Additionally, as described in our response to Reviewer fZsh’s Weakness#3, we conducted evaluations on an out-of-distribution test set APIBench. We observed that models trained with our Relign method did not show a decline in tool-calling capabilities; in fact, they even exhibited some improvements. This provides further evidence supporting the generalization ability of our approach.
Response to Scientific Literature
Thank you for providing the references. We will cite them in future versions of our paper and supplement our discussion accordingly.
We greatly appreciate your thoughtful feedback and look forward to your response.
This paper addresses the problem of LLM's using the wrong tool or hallucinating tool parameters by introducing RelyToolBench, a new benchmark that extends StableToolBench with two new subsets and new metrics.

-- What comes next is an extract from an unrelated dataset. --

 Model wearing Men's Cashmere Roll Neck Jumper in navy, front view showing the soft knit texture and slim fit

Further, the authors propose Realign, a finetuning approach using synthetic data, along with SFT and DPO, to enable an LLM to better select tools or seek clarification from the user.

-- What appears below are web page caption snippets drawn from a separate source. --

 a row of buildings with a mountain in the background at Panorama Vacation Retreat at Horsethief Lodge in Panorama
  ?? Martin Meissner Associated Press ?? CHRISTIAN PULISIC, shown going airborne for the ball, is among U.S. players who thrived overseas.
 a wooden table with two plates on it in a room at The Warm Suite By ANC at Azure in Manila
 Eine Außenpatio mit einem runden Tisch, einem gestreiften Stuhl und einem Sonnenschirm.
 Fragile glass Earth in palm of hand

The paper received 4 reviews with split scores: weak accept, accept, weak reject, weak reject. All reviewers acknowledged the authors rebuttal.
The most substantive concerns raised by reviewers include:
- Concerns about the benchmark being synthetically generated, and may not generalize. In response, the authors provided an evaluation on the out-of-distribution test set from APIBench, showing improved performance over baseline Llama3.1 setups.
- Lack of novelty in 'Realign'. The AC agrees that effectively, Realign is SFT + DPO, and the main contribution to the method is including the examples of seeking clarification in the training data.
- Missing connections to previous work on hallucinations, and in particular the paper Toolbehonest: A multi-level hallucination diagnostic benchmark for tool-augmented large language models, EMNLP'24 (published several months before the ICML deadline). The AC's opinion is that missing ToolBH is a significant oversight. In rebuttal, the authors argued to diminish the contributions of ToolBH.
- Metrics are new and unproven. Here, the AC agrees with the authors that the new metrics are simple and intuitive enough that verification (for example, via correlation with human judgements) would not be required.
Overall, the main new idea in the paper is training the LLM to seek clarification rather than hallucinate a tool call. The AC read ToolBH and confirmed that this contribution is novel. Therefore, the paper warrants acceptance provided the authors can update the related work to include the missing references (with a gracious assessment of the value of previous work).